この一巻が制作され、そして衆(しゅ)に示されたのは、仁治三年(1242)のもおしつまった十二月十七日のことであった。ただ、珍しいことには、この一巻の示衆(じしゅ)は、いつもの興聖宝林寺においてでかなくて、京都東山なる六波羅蜜寺のちかくの波多野義重(よししげ)の京邸(やしき)において行われた。おそらく、興聖寺の成立以後、道元の開講が興聖寺以外の場処でおこなわれたのは、これが初めてのことと思われる。

(ー中略ー)例によって、道元はそのもっとも肝要のところを、その冒頭において端的に語り出でる。いわく、

「諸仏の大道、その究尽(ぐうじん)するところ、透脱なり、現成なり」

諸仏の大道というものは、それを究めつくしてみると、それはもう徹頭徹尾どこまでも透きとおって、いとも明らかに見渡せるものだという。だから、その大道を究めた仏祖たちにとっては、生の全体がくまもなく見通せるのである。したがって、死の全風景もまた曇るところなく見渡すことができる。そして、いま道元が「全機」なる題目のもとに語ろうとしていることも、また、その生と死の全体であり、全風景であるといってよかろうと思われる。

●原 文

諸仏の大道、その究尽(ぐうじん)するところ、透脱なり、現成なり。その透脱といふは、あるいは生も生を透脱し、死も死を透脱するなり。このゆゑに、出生死あり、入生死あり、ともに究尽の大道なり。捨生死あり、度生死あり、ともに究尽の大道なり。現成これ生なり、生これ現成なり。その現成のとき、生の全現成にあらずといふことなし、死の全現成にあらずといふことなし。この機関、よく生ならしめ、よく死ならしむ。

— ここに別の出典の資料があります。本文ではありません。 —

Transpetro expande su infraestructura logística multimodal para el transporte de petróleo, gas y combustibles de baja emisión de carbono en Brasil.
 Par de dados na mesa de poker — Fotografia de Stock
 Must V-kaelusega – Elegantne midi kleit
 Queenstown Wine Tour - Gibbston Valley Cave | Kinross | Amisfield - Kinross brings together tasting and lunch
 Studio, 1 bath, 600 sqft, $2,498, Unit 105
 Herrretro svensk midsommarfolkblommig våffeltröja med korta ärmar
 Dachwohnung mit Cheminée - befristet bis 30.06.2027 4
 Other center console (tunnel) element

この機関の現成する正(しょう)当恁麼時、かならずしも大にあらず、かならずしも小にあらず。偏界にあらず、局量にあらず。長遠にあらず、短促にあらず。いまの生はこの機関にあり、この機関はいまの生にあり。生は来にあらず、生は去にあらず、生は現にあらず、生は成にあらざるなり。しかあれども、生は全機現なり、死は全機現なり。しるべし、自己に無量の法あるなかに、生あり、死あるなり。しずかに思量すべし、いまこの生、および生と同生せるところの衆(しゅ)法は、生にともなりとやせん、生にともならずとやせん。一時一法としても、生にともならざることなし。一時一心としても、生にともならざるなし。

生といふは、たとへば人のふねにのれるときのごとし。このふねは、われ帆をつかひ、われかぢをとれり、われさををさすといへども、ふねわれをのせて、ふねのほかにわれなし。われふねにのりて、このふねもふねならしむ。この正(しょう)当恁麼時は、舟の世界にあらざることなし。天も水も岸も、みな舟の時節となれり、さらに舟にあらざる時節とおなじからず。このゆゑに、生はわが生ぜしむるなり、われをば生のわれならしむるなり。舟にのれるには、身心依正(しんじんえしょう)、ともに舟の機関なり。尽大地・尽虚空、ともに舟の機関なり。生なるわれ、われなる生、それかくのごとし。(268~269頁)

■もろもろの仏の大道は、それを究め尽してみると、まったく透きとおって、明々白々なるものである。透きとおっているというのは、たとえば生についていえば、生のどこにも曇れるところがなく、また死についていえば、死のどこにも覆われたるところがない。だから、生死(しょうじ)を出ずることも自由自在であり、また生死に入ることも思うがままである。それもみな大道を究め尽しているからである。あるいはまた、生死を捨てることもあり、生死をこえることもあるが、それもみな大道を究め尽しているからである。かくて、明々白々たる生があるのであり、明々白々として生を生きるのであるが、そのことの成る時には、かならず生のすべてをあげてかくなるのであり、また死のすべてをあげてかくなるのである。そのからくりがあって、はじめてこの生があり、また死があるのである。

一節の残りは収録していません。